WHAT YOU SHOULD DO:
Every entry below is to be copied exactly, apart from any picture it holds.
------------------------------------------------------------------------
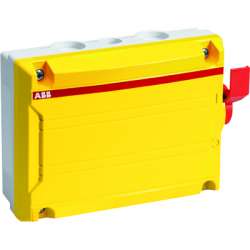 ABB BWS616 Выкл в боксе с доп. контактом 6р 16А IP65 BWS616Y TPN арт. 2CMA142425R1000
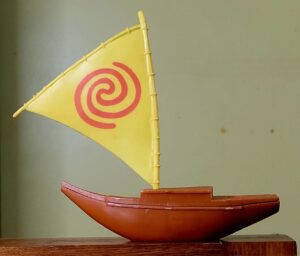 Barco Moana Brinde McDonald's – Navegando com Aventura! (14x13cm)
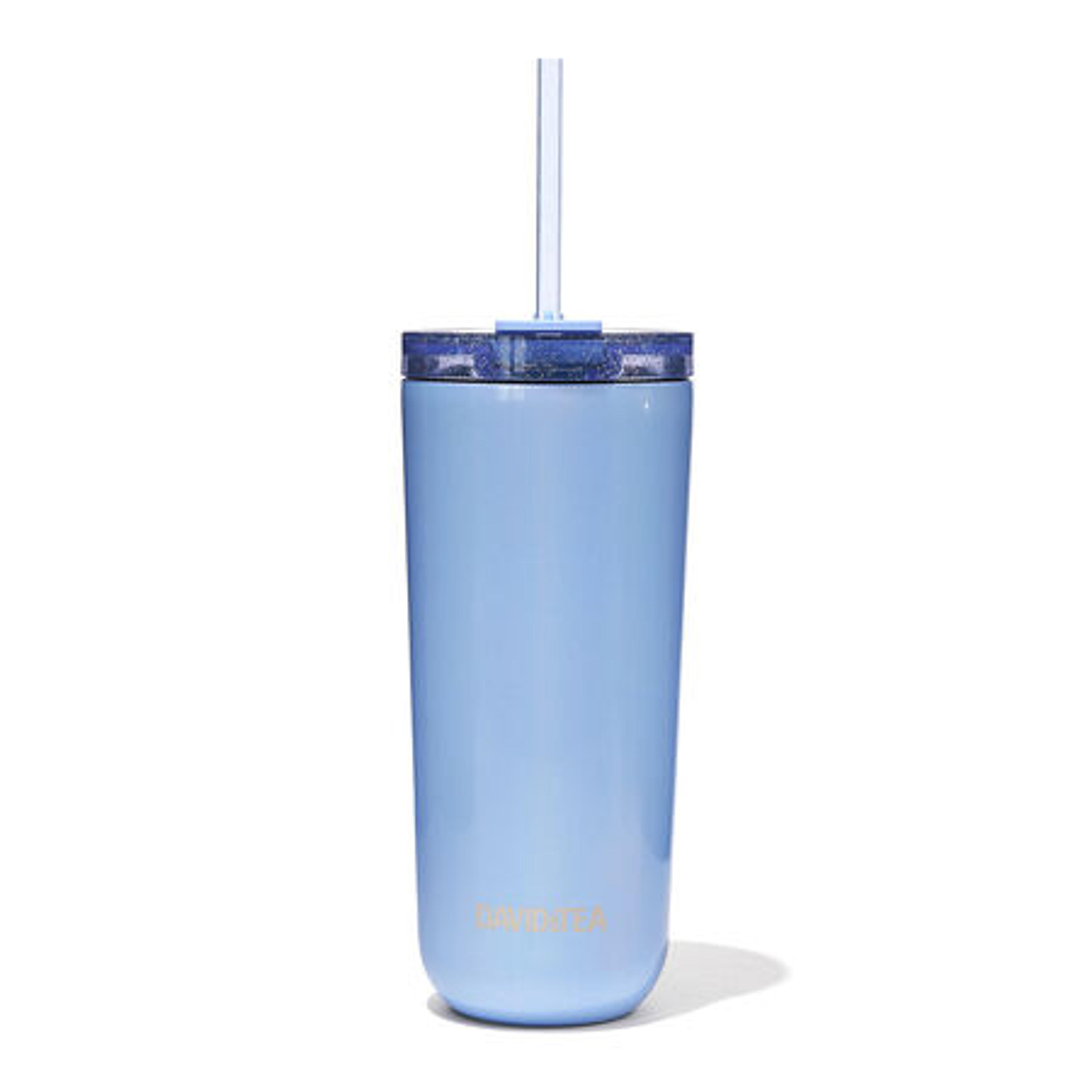 Lotus Blue Holographic Favourite Tumbler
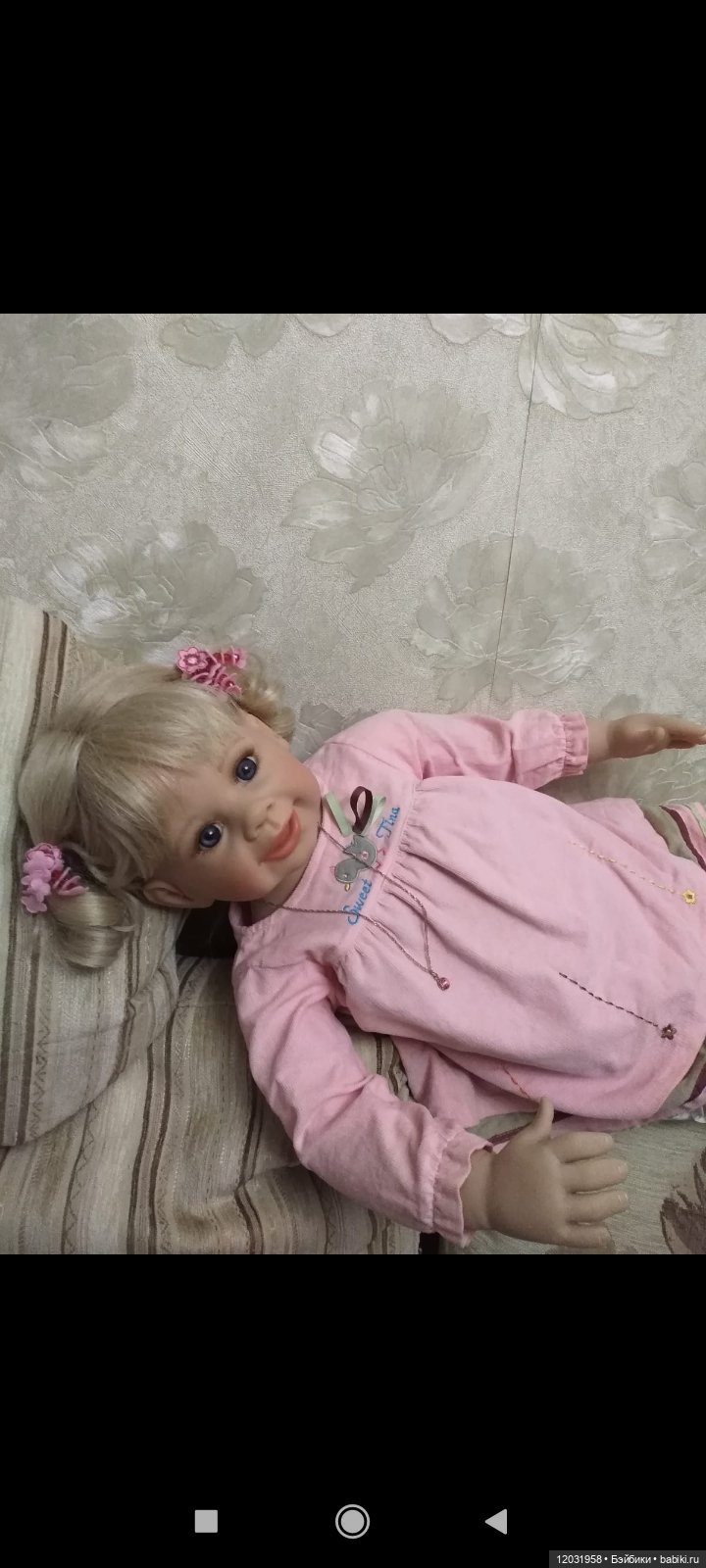 Шикарная коллекционная кукла от Моники Левениг (фото 2)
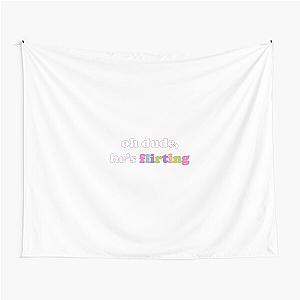 Mark Lee Oh, he's flirting Tapestry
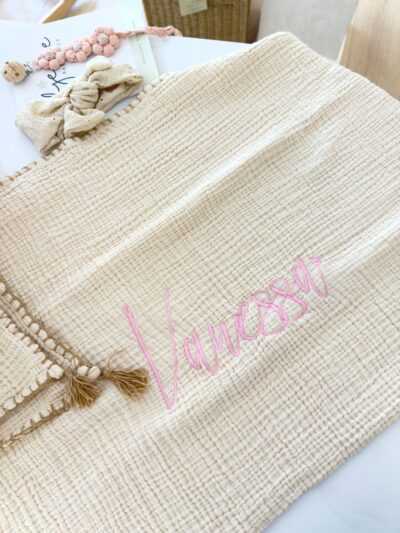 Muslin dekica "Vanessa"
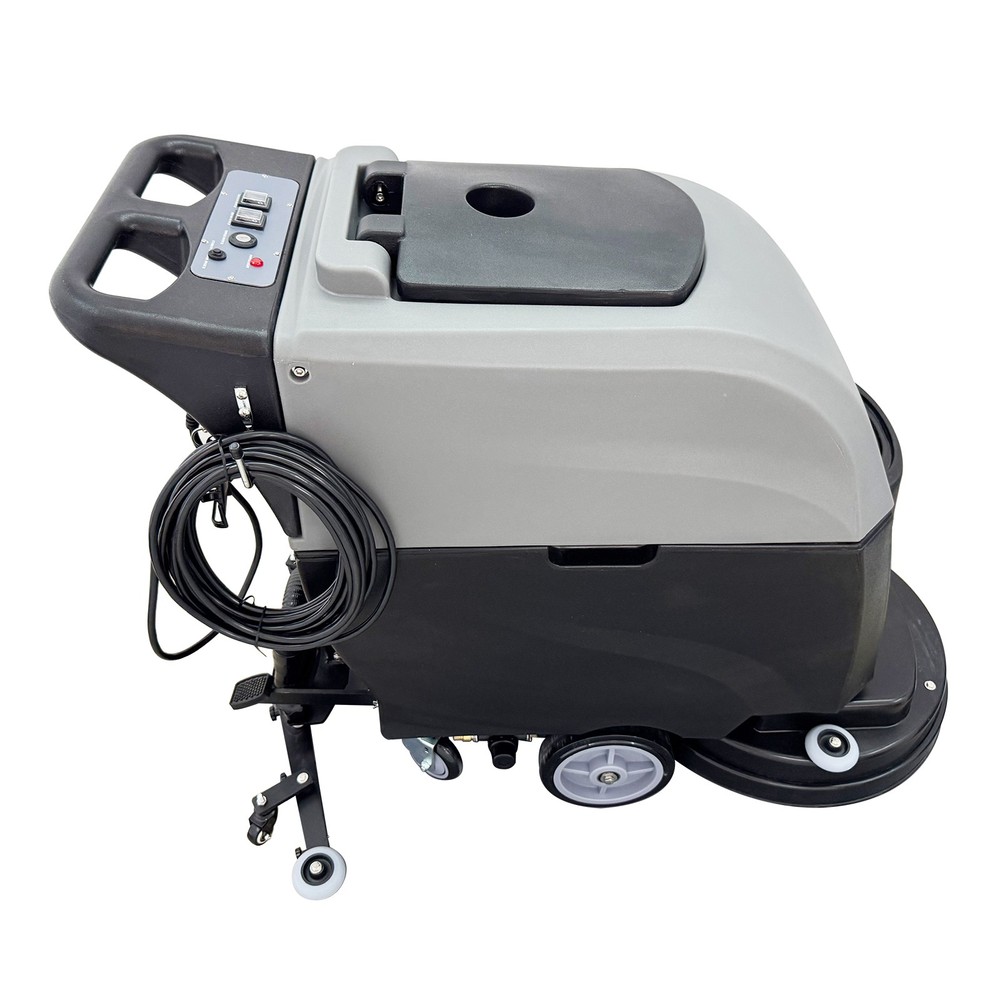 110V Commercial Automatic Floor Washing Scrubber Drying Machine 20" Brush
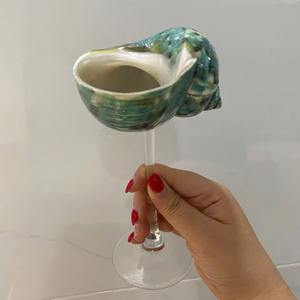 Coquille de mer naturelle faite à la main au Vietnam pour les idées de centre de table de mariage - Product Image 1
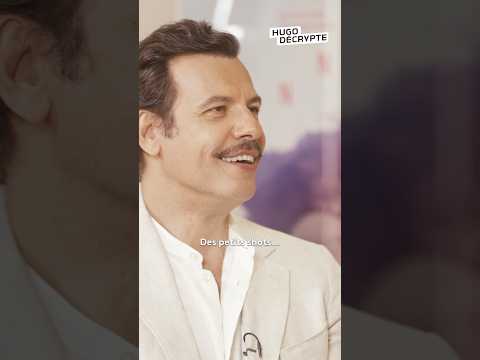 « Énormément d’alco0l » Laurent Lafitte m’explique comment il gère le trac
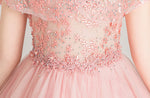 Load image into Gallery viewer, D1045 Girl Dress, Gift Birthday Dress, Flower Girl Dress, Toddler Dress
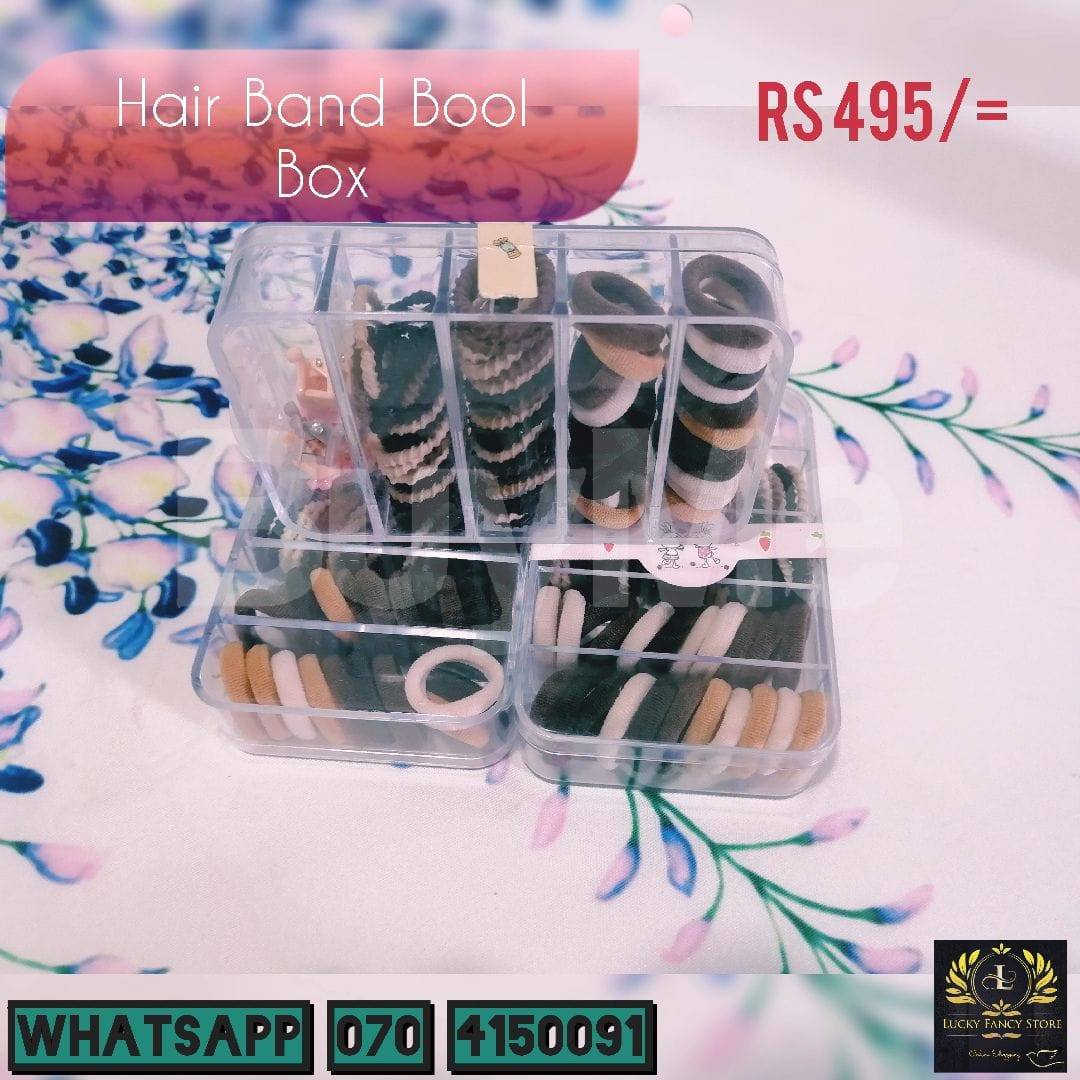 HAIR BAND BOOL BOX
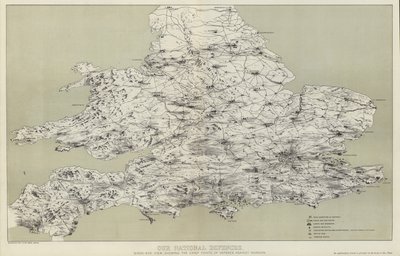 Unsere nationalen Verteidigungen von English School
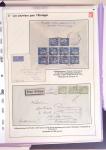 1932-1941, Superbe collection d'exposition sur les timbres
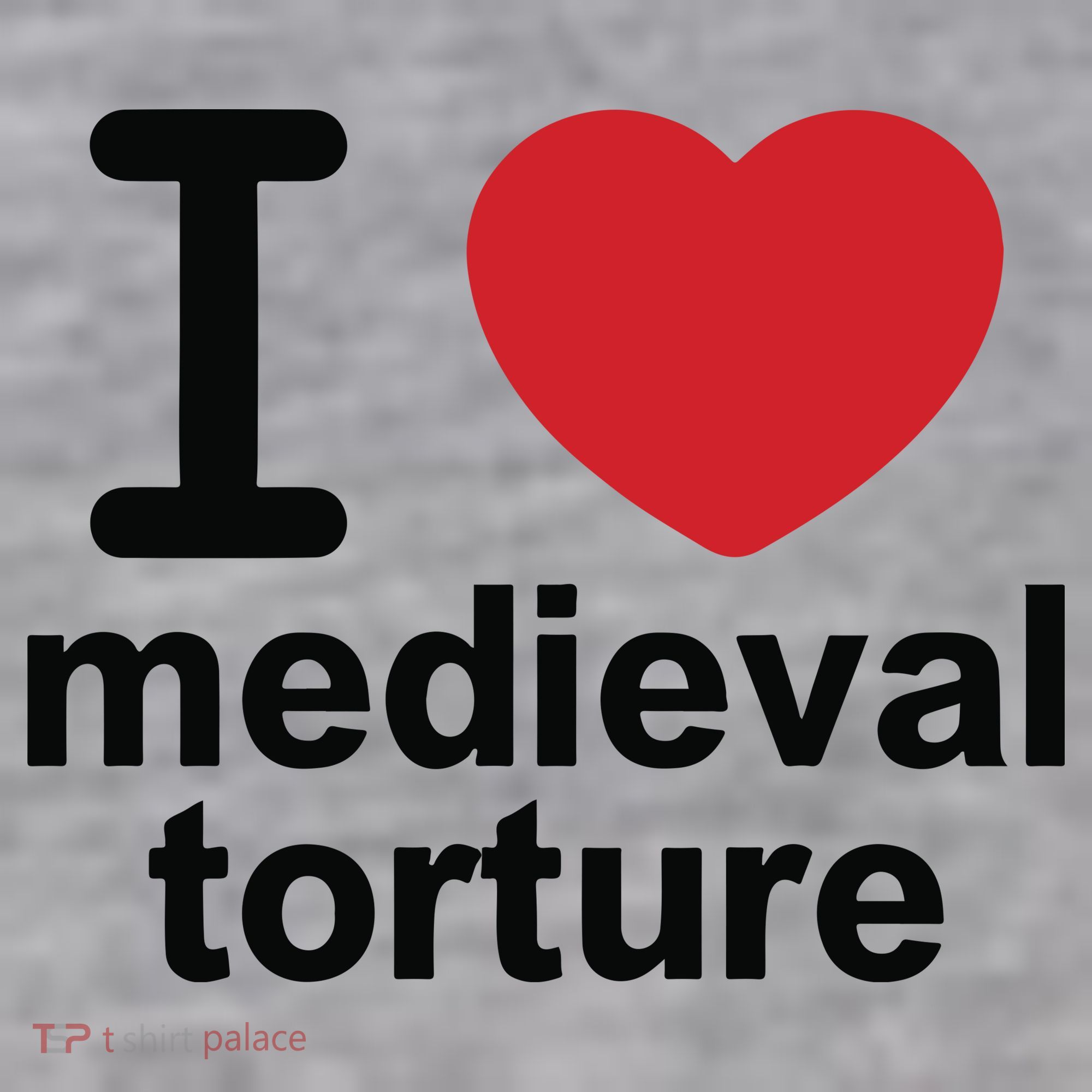 I Love Medieval Torture Infant Fleece One Piece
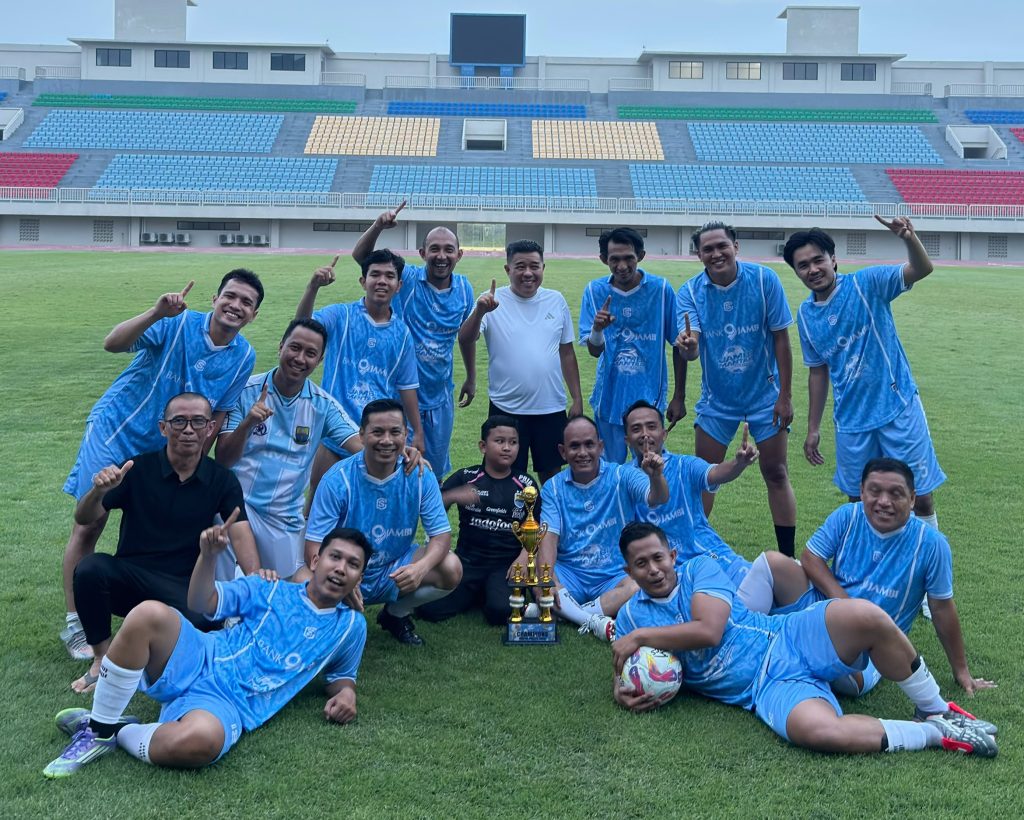 Tim Jambi Mantap sabet gelar juara di Stadion Swarna Bhumi Jambi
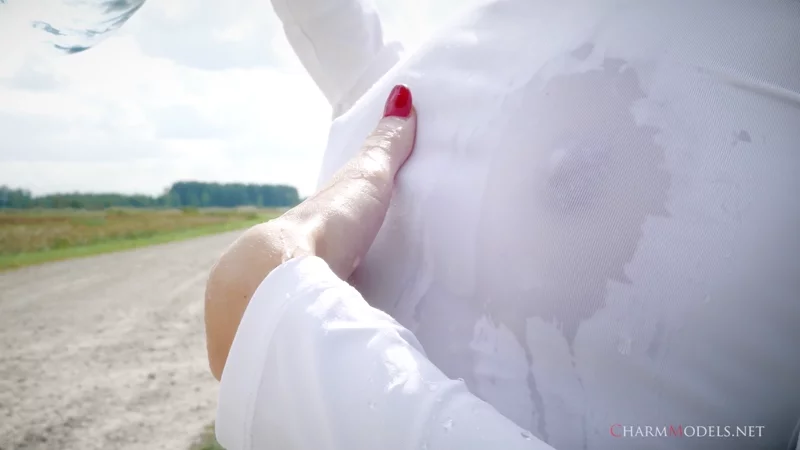 Sofia Z Soaked in the Sun video preview frame 5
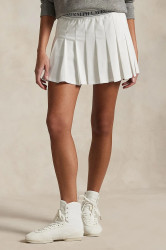 Sukně Polo Ralph Lauren bílá barva, mini, áčková, 211965112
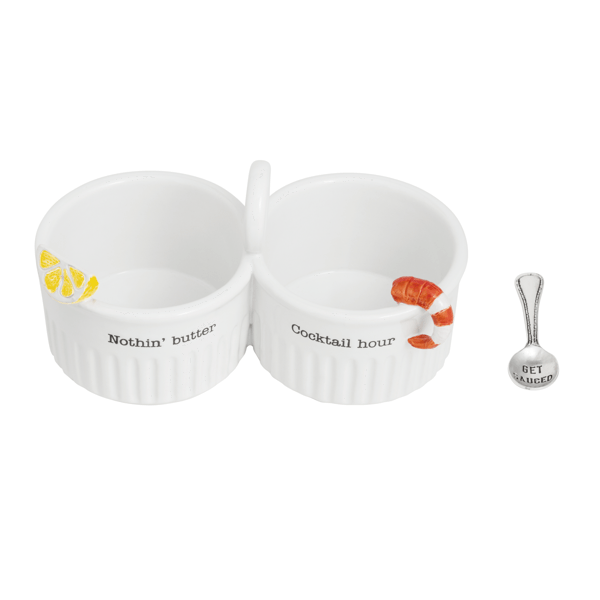 MUD PIE SEAFOOD SAUCE DOUBLE DIP SET
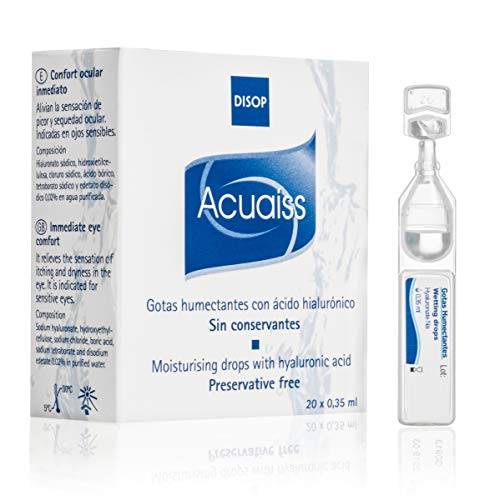 Disop Acuaiss Ampoules 20x0.35ml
------------------------------------------------------------------------
SOLVED PROBLEM:
 ABB BWS616 Выкл в боксе с доп. контактом 6р 16А IP65 BWS616Y TPN арт. 2CMA142425R1000
 Barco Moana Brinde McDonald's – Navegando com Aventura! (14x13cm)
 Lotus Blue Holographic Favourite Tumbler
 Шикарная коллекционная кукла от Моники Левениг (фото 2)
 Mark Lee Oh, he's flirting Tapestry
 Muslin dekica "Vanessa"
 110V Commercial Automatic Floor Washing Scrubber Drying Machine 20" Brush
 Coquille de mer naturelle faite à la main au Vietnam pour les idées de centre de table de mariage - Product Image 1
 « Énormément d’alco0l » Laurent Lafitte m’explique comment il gère le trac
 Load image into Gallery viewer, D1045 Girl Dress, Gift Birthday Dress, Flower Girl Dress, Toddler Dress
 HAIR BAND BOOL BOX
 Unsere nationalen Verteidigungen von English School
 1932-1941, Superbe collection d'exposition sur les timbres
 I Love Medieval Torture Infant Fleece One Piece
 Tim Jambi Mantap sabet gelar juara di Stadion Swarna Bhumi Jambi
 Sofia Z Soaked in the Sun video preview frame 5
 Sukně Polo Ralph Lauren bílá barva, mini, áčková, 211965112
 MUD PIE SEAFOOD SAUCE DOUBLE DIP SET
 Disop Acuaiss Ampoules 20x0.35ml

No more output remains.